We were especially excited about the one we found, as it took us through the upcoming Jordaan neighborhood. This area originally was for the working class, full of warehouses and even the slums of Amsterdam. It has now been revitalized with new shops and cafés, and has become a very desirable (and thus expensive) place to live.
While discovering a bit about this area, we got to eat a ton of food and learned that, interestingly, the Dutch are known to have quite a bland palate with little use of spice. One of the most popular snacks is a simple sandwich made with one slice of cheese.

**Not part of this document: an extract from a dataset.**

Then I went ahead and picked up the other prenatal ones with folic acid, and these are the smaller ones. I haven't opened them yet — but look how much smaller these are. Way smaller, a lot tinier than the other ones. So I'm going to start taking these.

Despite this, there are a few well known Dutch foods we got to enjoy, including apple pie and Gouda cheese. But, enough with the chatter and onto the food of our Jordaan food tour:
Dutch Apple Pie
Our Jordaan food tour started the best way possible: with dessert. We went to Cafe Papeneiland, which is a “brown cafe” – the Dutch equivalent of an English pub with dark, wooden interiors (hence the “brown”) and a laid back drinking atmosphere.

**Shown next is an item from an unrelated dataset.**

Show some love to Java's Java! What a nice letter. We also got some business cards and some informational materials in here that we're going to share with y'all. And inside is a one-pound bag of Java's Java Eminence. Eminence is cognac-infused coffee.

Here we had a giant piece of apple pie, which the Dutch are known for and quite proud of. Dutch Apple pie differs from the usual in its use of cinnamon and lemon juice in the recipe, plus a different kind of cake-like crust.
This cafe has been making the same recipe of apple pie for hundreds of years, and apparently all the men in the family are named the same. So, if you step inside and call out their name for service, you’ll never be wrong!
Perhaps the best part of this whole encounter was that at the end of our pie tasting, one of our North American counterparts pulled a grocery bag out of her purse and dumped the remainder of her pie right in. She then squished the whole bag back into her purse as our guide looked at her in disbelief and some disdain.
Dutch cheese = the famous Gouda, named after the Netherlands town of Gouda. Interestingly, “Gouda” doesn’t actually refer to a type of cheese, but instead to a way of manufacturing cheese. During the cheese making process some of the whey is replaced with water, making a sweeter cheese. With its yellow or red wax coating, Gouda (“HOW-dah”) is easily recognized.
In Holland, this cheese (as well as some other popular ones like Edam, Dutch Emmental or goats cheese) is typically mixed with seeds, such as cloves or cumin. And PS – if you’re ever hungry in Amsterdam, walk into a cheese shop. There are endless samples everywhere!
What better way to try this than on a canal, riding a tiny 105 year old boat for an hour, sipping complimentary champagne and beer? Speaking of beer…
I honestly was not excited much about the beer in the Netherlands, especially considering that we were heading to Belgium after, but I have been pleasantly surprised after having a few of the small brews.
Most people can only name Heineken as a Dutch beer, but do not judge the Netherlands by this beer alone (as it is probably the worst one… just being honest). If you are looking for a standard Dutch lager, a good place to start is Grolsch or Amstel.
If you are looking for something that is more uniquely Dutch, definitely try Brouwerij ‘t IJ. This is one of the better beers I have tasted. The zatte (tripel) rivals and surpasses many of its Belgian counterparts and the ijwit (wheat beer) has a nice sweet finish.
The Dutch love their deep fried food. The #1 favorite snack is the bitterballen: a delicious little deep fried ball that is filled with a ragu meat and cheese (“deep fried gravy” a member of our group called it). We really liked these and could have eaten about a thousand of them.
Given that Indonesia and Suriname were Dutch colonies, there is a substantial Surinamese food culture that many may not realize. We went to a cute little shop where we sampled some deep fried plantain with the best peanut sauce I have ever had in my life!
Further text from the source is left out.